Round two of the Danish Design Award event took place on Wednesday night in Svane Shipping’s warehouse in Kolding harbour, where the winners of four new award categories and two special awards were announced. Among them are the game-changing Open Embassy, the aesthetic-functional walking frame Scandinavian Indoor, the expansive car-sharing concept GoMore and the partnership-building VenligBolig, which promotes the integration of refugee families. Awards also went to human-centred design in the ‘Young Talent’ category and to the audience favourite RAM’N in the ‘People’s Choice’ category.

–       It is a great pleasure to present the winners of the Danish Design Award 2017 in cooperation with this year’s partner municipality, Kolding, and D2i.

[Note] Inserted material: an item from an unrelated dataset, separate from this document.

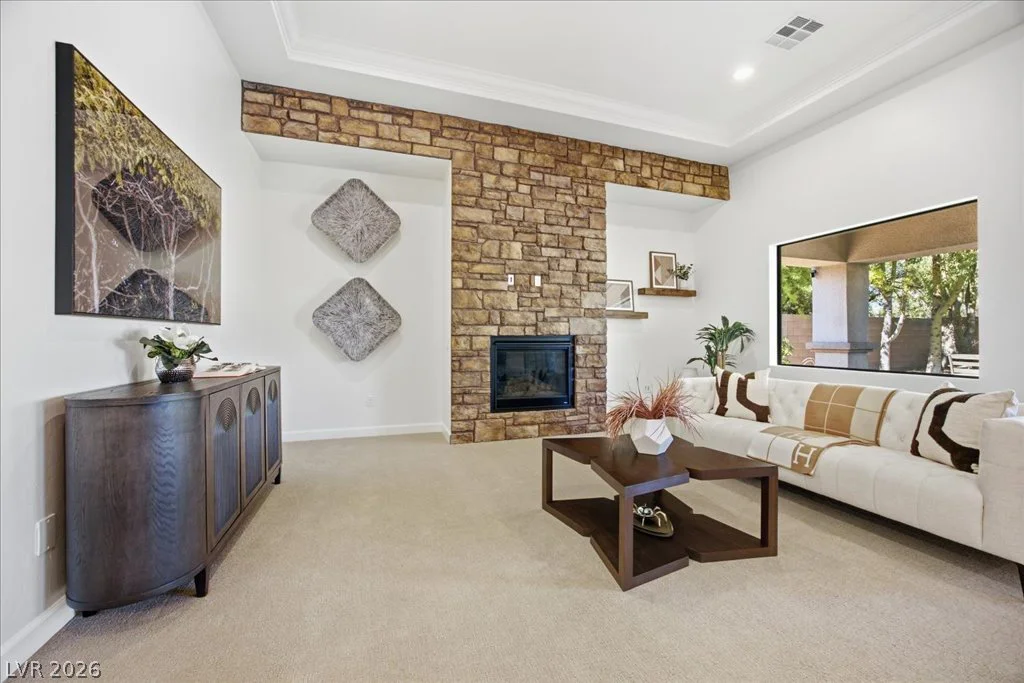 8030 Palm Cove, Las Vegas, NV 89129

The award-winners exemplify the high degree of innovation and value in the solutions created by designers and companies throughout the country. The winning solutions have a unique user focus that springs from Denmark’s strong design DNA and a social and environmental awareness that reflects our welfare society. Not least the young talents show empathic design solutions that generate value, says Henrik Weiglin, CEO of Denmark’s largest, independent design interest and industry organization, Design denmark (Dd).

–       The categories of the Danish Design Award reflect the full palette of design making a difference for individuals, companies and society. The award also demonstrates that design is the tool that makes companies competitive and enables them to develop new and superior solutions driven by empathy with users and clients. We consider it a shared task for public and private actors to promote the innovation that design generates throughout the country. That is why the broad cooperation we are witnessing tonight is so important – and such a pleasure to see, says Christian Bason, CEO of the Danish Design Centre.

–        The selection of finalists and award-winners reflects the broad scope of Danish design. It also serves as an excellent illustration that Danish business and industry and the public sector have embraced design as a tool, not only for creating attractive solutions but also for managing complex challenges on the users’ terms. As co-host of this year’s award show in Kolding, we are delighted to see the close collaboration of the Danish design field that makes it possible to celebrate and stage big events like the Danish Design Award across the country, says Thit Juul Madsen, CEO of D2i.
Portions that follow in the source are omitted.